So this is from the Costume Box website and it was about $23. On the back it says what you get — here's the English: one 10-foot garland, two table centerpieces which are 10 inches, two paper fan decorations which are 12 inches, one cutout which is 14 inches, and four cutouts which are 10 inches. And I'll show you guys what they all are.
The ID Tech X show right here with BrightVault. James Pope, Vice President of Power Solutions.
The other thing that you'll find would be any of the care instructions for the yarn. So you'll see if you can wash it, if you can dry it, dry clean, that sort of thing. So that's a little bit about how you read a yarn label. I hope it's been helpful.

---+---

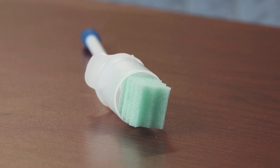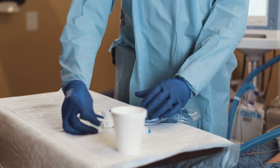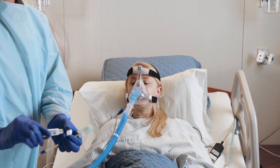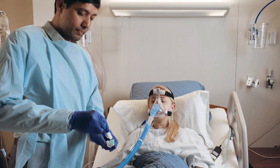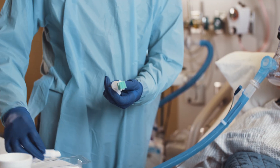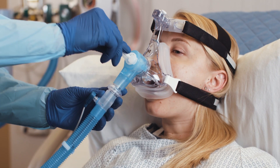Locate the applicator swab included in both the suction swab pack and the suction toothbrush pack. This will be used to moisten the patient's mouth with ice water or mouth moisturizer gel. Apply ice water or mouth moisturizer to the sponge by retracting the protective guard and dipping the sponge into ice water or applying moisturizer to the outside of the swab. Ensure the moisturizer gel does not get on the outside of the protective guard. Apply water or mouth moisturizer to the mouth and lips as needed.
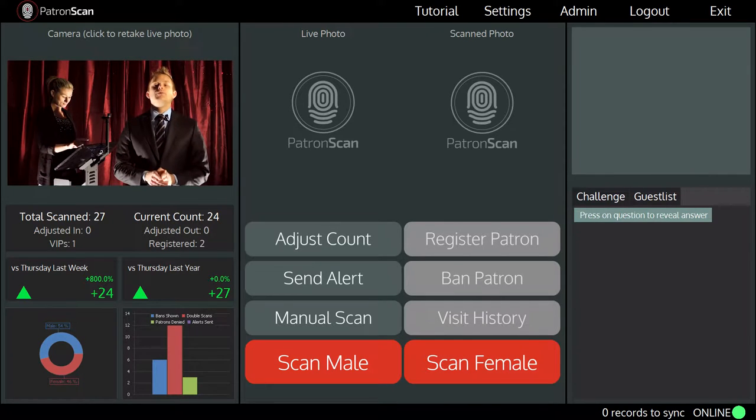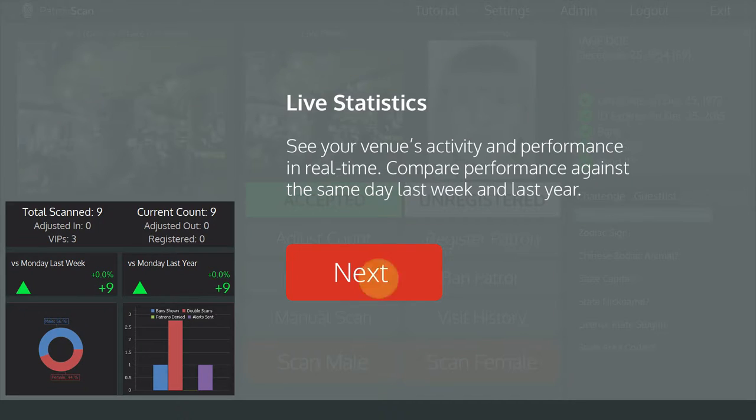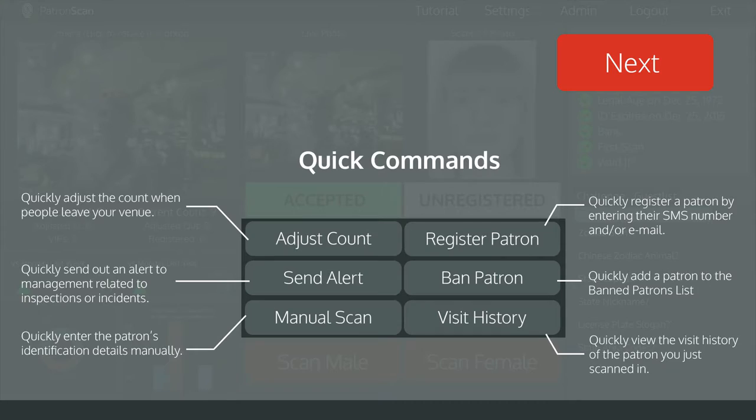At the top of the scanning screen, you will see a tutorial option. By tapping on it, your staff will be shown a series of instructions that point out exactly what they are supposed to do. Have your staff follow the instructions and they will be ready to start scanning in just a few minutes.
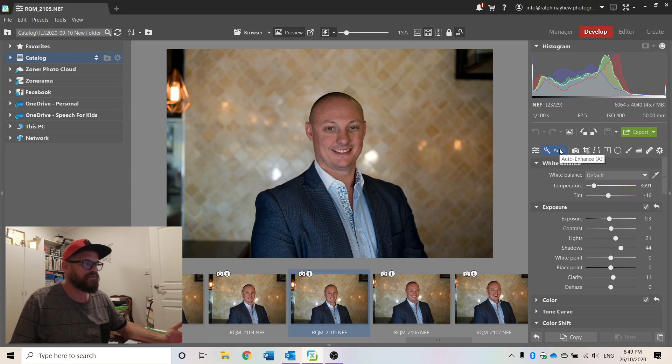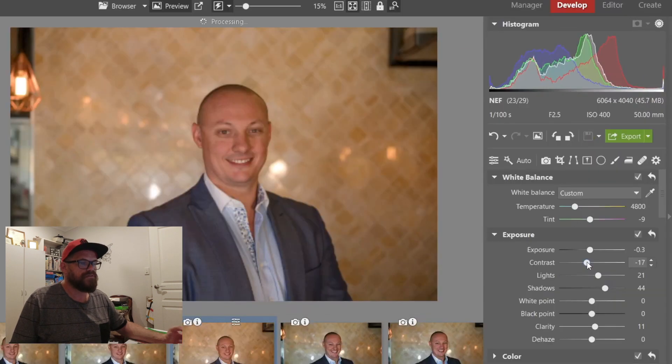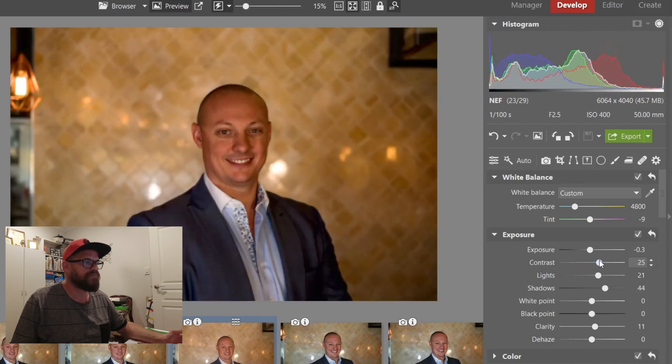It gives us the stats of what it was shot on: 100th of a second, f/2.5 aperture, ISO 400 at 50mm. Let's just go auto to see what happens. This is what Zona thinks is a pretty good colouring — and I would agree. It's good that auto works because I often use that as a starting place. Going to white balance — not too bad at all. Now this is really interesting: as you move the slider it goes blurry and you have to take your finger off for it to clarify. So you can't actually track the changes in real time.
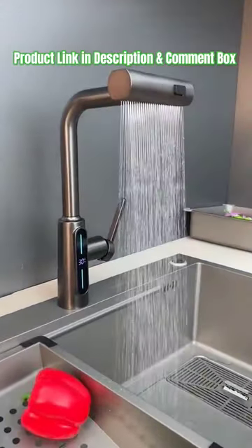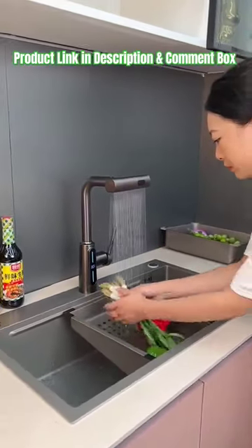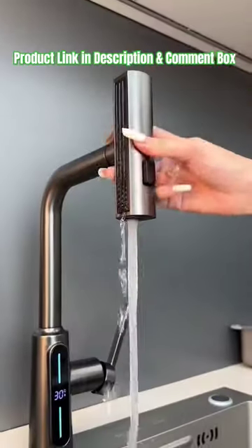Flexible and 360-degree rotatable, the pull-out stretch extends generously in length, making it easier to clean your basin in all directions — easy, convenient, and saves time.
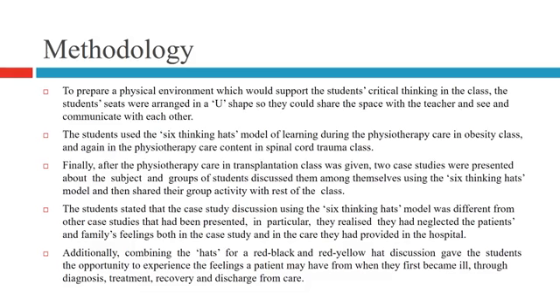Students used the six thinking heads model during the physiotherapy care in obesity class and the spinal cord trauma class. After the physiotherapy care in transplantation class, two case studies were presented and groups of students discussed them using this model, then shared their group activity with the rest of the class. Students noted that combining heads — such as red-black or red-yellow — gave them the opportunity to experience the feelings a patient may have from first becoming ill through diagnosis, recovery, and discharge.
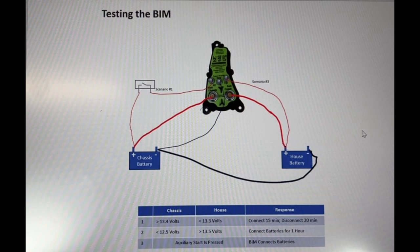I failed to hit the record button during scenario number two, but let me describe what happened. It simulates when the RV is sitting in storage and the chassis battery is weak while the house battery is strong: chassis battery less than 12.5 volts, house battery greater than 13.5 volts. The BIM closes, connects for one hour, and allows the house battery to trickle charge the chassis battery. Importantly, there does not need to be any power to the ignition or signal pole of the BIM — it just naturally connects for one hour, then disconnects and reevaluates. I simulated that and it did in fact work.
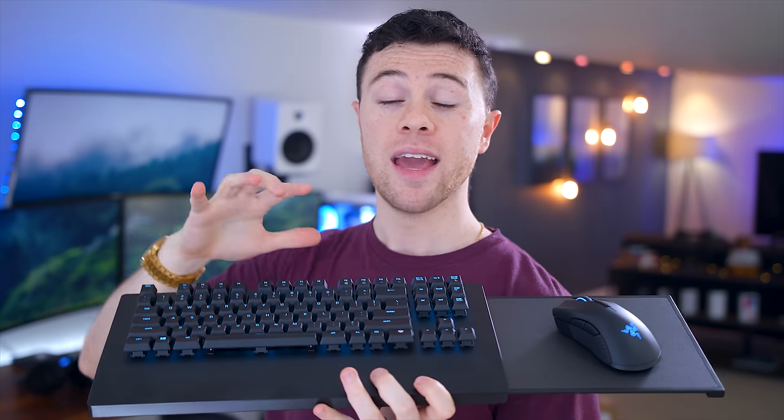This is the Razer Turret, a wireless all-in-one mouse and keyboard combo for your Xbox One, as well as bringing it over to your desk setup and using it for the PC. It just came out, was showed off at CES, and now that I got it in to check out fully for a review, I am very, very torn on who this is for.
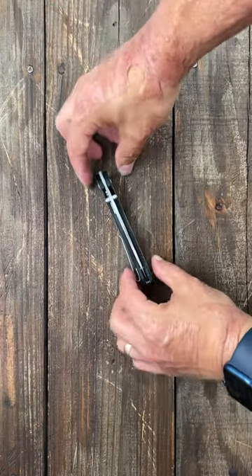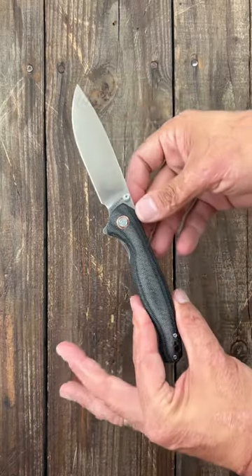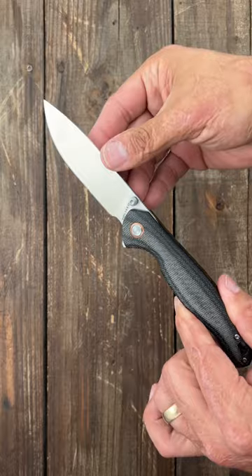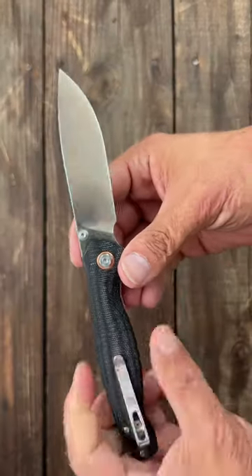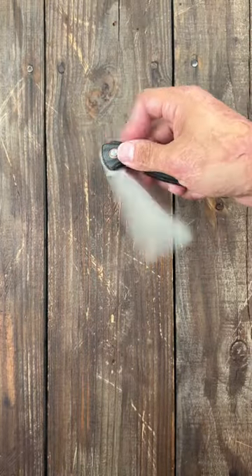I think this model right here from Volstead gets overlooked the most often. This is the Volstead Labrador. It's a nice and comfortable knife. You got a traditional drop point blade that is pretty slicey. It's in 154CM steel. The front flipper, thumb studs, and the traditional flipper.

---+---

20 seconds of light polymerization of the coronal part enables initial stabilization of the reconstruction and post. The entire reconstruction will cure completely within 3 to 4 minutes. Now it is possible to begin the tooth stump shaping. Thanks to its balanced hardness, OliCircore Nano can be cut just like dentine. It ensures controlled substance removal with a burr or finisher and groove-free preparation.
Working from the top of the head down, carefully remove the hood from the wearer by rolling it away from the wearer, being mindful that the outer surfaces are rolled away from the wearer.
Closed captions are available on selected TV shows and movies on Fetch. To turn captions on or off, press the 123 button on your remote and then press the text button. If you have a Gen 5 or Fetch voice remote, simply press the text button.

---+---

Every line above from the one with "At the top of" down to the one with "Flexible and 360-degree" must be written out exactly, and no picture may appear.

At the top of the scanning screen, you will see a tutorial option. By tapping on it, your staff will be shown a series of instructions that point out exactly what they are supposed to do. Have your staff follow the instructions and they will be ready to start scanning in just a few minutes.
It gives us the stats of what it was shot on: 100th of a second, f/2.5 aperture, ISO 400 at 50mm. Let's just go auto to see what happens. This is what Zona thinks is a pretty good colouring — and I would agree. It's good that auto works because I often use that as a starting place. Going to white balance — not too bad at all. Now this is really interesting: as you move the slider it goes blurry and you have to take your finger off for it to clarify. So you can't actually track the changes in real time.
Flexible and 360-degree rotatable, the pull-out stretch extends generously in length, making it easier to clean your basin in all directions — easy, convenient, and saves time.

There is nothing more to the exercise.